Ahora los colombianos celebramos y también se nos olvidará muy pronto la humillación que han supuesto, durante estos años, las filas infinitas al sol y al agua frente a los consulados, las burocracias inexplicables, el maltrato de los funcionarios en las delegaciones diplomáticas, esas visas denegadas que han truncado los sueños de tantos. Hasta hace unos meses pertenecíamos a la misma categoría de los subsaharianos que se dejan la vida para cruzar a cualquier precio el estrecho de las columnas de Hércules. Pero en cuanto nos abran las puertas para pasear sin visa por la Gran Vía o el Paseo de Gracia, toda esa indignación será cosa del pasado. Ya se sabe: Colombia es un país que se indigna con facilidad, pero que olvida igual de rápido.

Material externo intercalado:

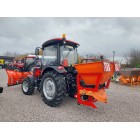 Zestaw komunalny LOVOL M754 TUZ + pług strzałka 2,30m+ piaskarka PK 550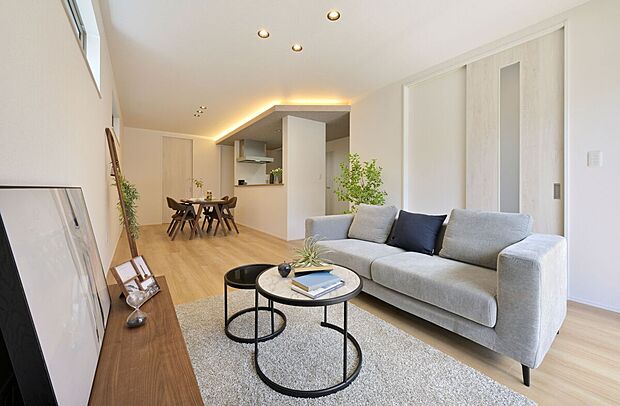 【【B-10棟 LDK】】リビングはご家族団らんはもちろん、お客様をお迎えする大切な空間でもあります。大勢集まっても圧迫感がなく、開放的な空間でゆったりとお過ごしいただけます。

No deberíamos. En este caso, no por rencor hacia Europa, sino para cuestionarnos en serio la noción misma de las fronteras, la industria de las nacionalidades, los pasaportes, las banderas y las patrias. Porque en cualquier momento alguien decide que volvemos a ser ciudadanos de segunda y tendríamos que volver a plantearnos lo de morir en el intento, lo de cruzar el océano a nado. De nuevo ante la indiferencia del que para entonces sea el dueño del sello, el policía de frontera, el funcionario del consulado. Pero volveremos siempre a embarcarnos, porque la promesa del viaje siempre será superior a la valla más alta.

*Publicado en el periódico El Mundo. Enero 9 de 2015.